Clap for Carers founder distances herself from return of weekly ritual
The founder of Clap for Carers has distanced herself from the newly relaunched Clap for Heroes after being targeted with “hateful” abuse on social media.
Annemarie Plas, a 36-year-old mother-of-one, said that although the clap should still go ahead at 8pm on Thursday, she had opted to distance herself from the planned applause and “will no longer seek to raise further awareness of it”.
In a statement, released on the Clap for Heroes Twitter page, she said: “Since announcing the return of the applause yesterday, I have been targeted with personal abuse and threats against myself and my family by a hateful few on social media channels.

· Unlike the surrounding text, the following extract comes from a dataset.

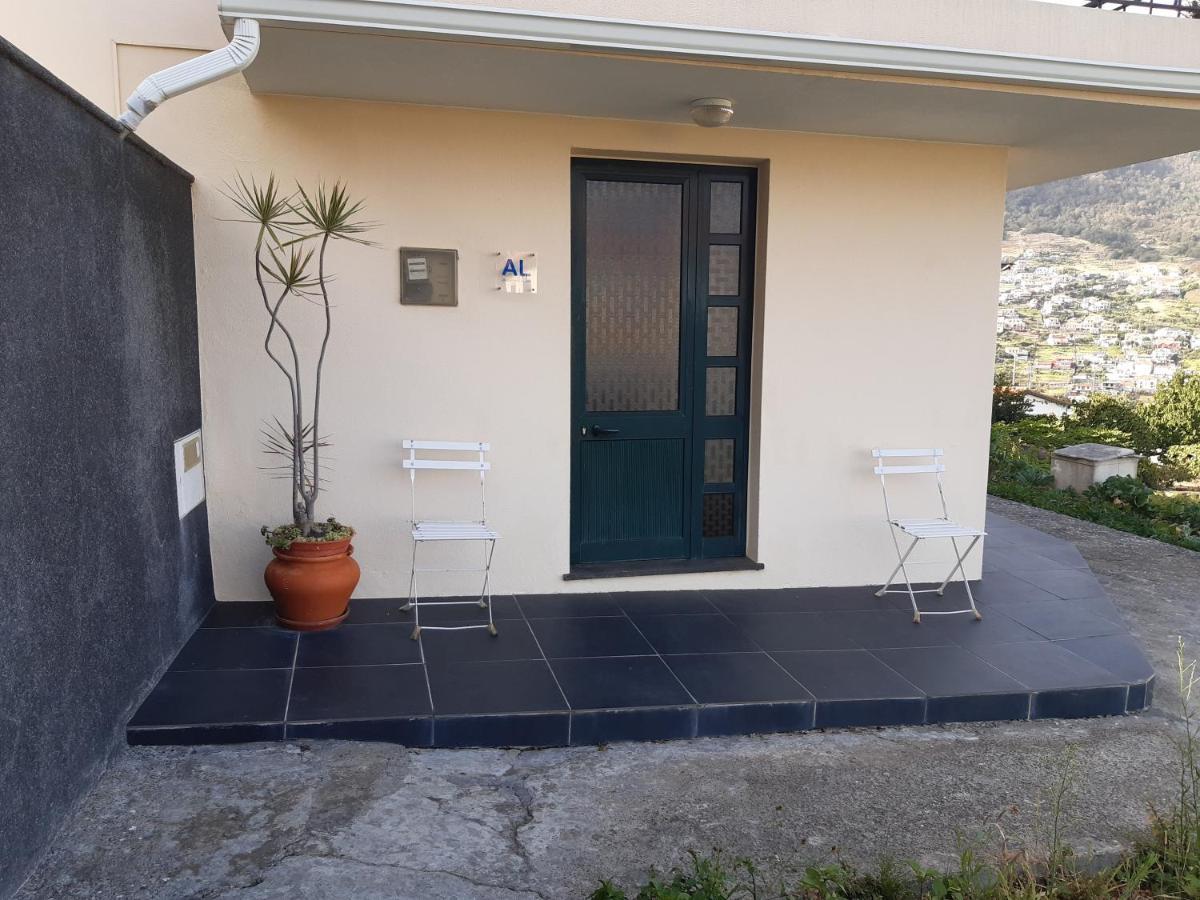 Apartamento Piquinho Machico  Exterior photo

“Irrespective of their views and reasons for believing this is an acceptable way to behave, I did not set out to make a political statement and will not put my loved ones at risk.
“I have no political agenda, I am not employed by the Government, I do not work in PR, I am just an average mum at home trying to cope with the lockdown situation.”
The return of the weekly ritual has been met with a mixed response online, with some NHS workers asking people not to clap, and just stay at home.
Ami Jones, an intensive care consultant from Wales, tweeted in response to the announcement of the newly revived clap: “No thanks. I’d rather you obey the rules, stay at home, wear masks and wash your hands.”
Palliative care doctor Rachel Clarke added: “Please don’t clap us. Just wear a mask, wash your hands and respect lockdown.”
Ms Plas, a Dutch national living in south London, said the tradition was never meant to be a “political platform”.
The statement continued: “The idea of bringing back the applause was only to bring some optimism and positivity to the country, not to make a political comment about the state of the nation.
“It has never been the intention of either myself or Clap For Our Carers/Clap For Heroes to lobby government or suggest that clapping is a substitute for anything else.
“If people want to make a statement about the world we live in or have a desire to instigate change in our systems, there are ways to do it.
“I would be delighted if other people talking about the applause opens up dialogue and debate, and gives them a voice and impetus to discuss and engage in positive conversations and actions around wider, related subjects.”
She said she acknowledged the frustrations and anger felt by some but vilifying her personally was “destructive and counter-intuitive”.
“It absolutely can and should still happen at 8pm tonight if you choose and want to clap for your heroes on an individual and personal basis — it’s up to each person to decide how relevant or worthwhile they feel it is to participate,” she said.